Sergeant Evan Vela is accused of murdering an unarmed Iraqi man and an attempted cover-up. He has admitted that he fired two bullets at point-blank range into a detainee's head but said he was following a direct order.
His court martial comes after those of two fellow snipers in an embarrassing saga which has blown the cover of an alleged classified 'baiting' programme in which snipers scatter ammunition, detonation cords or other items, then lie in wait to shoot insurgents who pick them up.
The tactic emerged earlier this year when Captain Matthew Didier, a platoon commander in an elite sniper unit known as the 'Painted Demons', told a military court: 'Baiting is putting an object out there that we know they will use, with the intention of destroying the enemy.
'Basically, we would put an item out there and watch it. If someone found the item, picked it up and attempted to leave with the item, we would engage the individual as I saw this as a sign they would use the item against US forces.'
Didier claimed that members of the US military's Asymmetric Warfare Group visited his unit in January and later supplied ammunition boxes filled with 'drop items' to be deployed as bait. Soldiers told the Washington Post that about a dozen platoon members were aware of the programme, and that others knew about the 'drop items' but did not know their purpose. Vela, team leader Michael Hensley and Jorge Sandoval were members of the 'Painted Demons', which had a reputation for notching 'kills' at a high rate in the so-called 'triangle of death' south of Baghdad. They were charged with the murders of three Iraqis during US operations in the spring.

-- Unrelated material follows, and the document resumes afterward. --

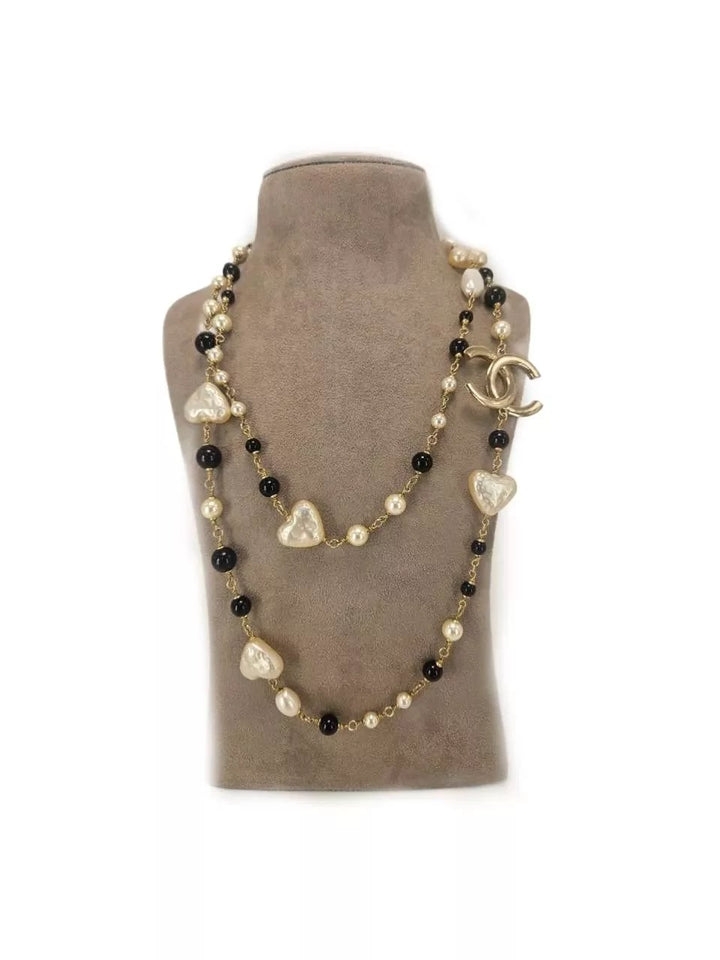 CHANEL CC HEART SHAPE FAUX PEARLS BAROQUE SAUTOIR LONG NECKLACE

Last week Hensley, an expert marksman from the 1st Battalion, 501st Airborne, was cleared of murder charges but reprimanded and demoted on lesser charges of planting an AK-47 rifle beside the body of a dead Iraqi and disrespecting an officer.
Last month Sandoval was found not guilty on two murder charges but was demoted from specialist to private and is serving a 44-day sentence for planting a detonation cord on the body of an Iraqi.
Vela is charged with premeditated murder, planting a weapon, making false statements and obstruction of justice. The first pre-trial hearing is today.
Lawyers for the snipers have argued that the baiting programme is relevant to their defence because it shows how officials backed unorthodox methods of killing not only insurgents but also unarmed men thought to be enemy combatants.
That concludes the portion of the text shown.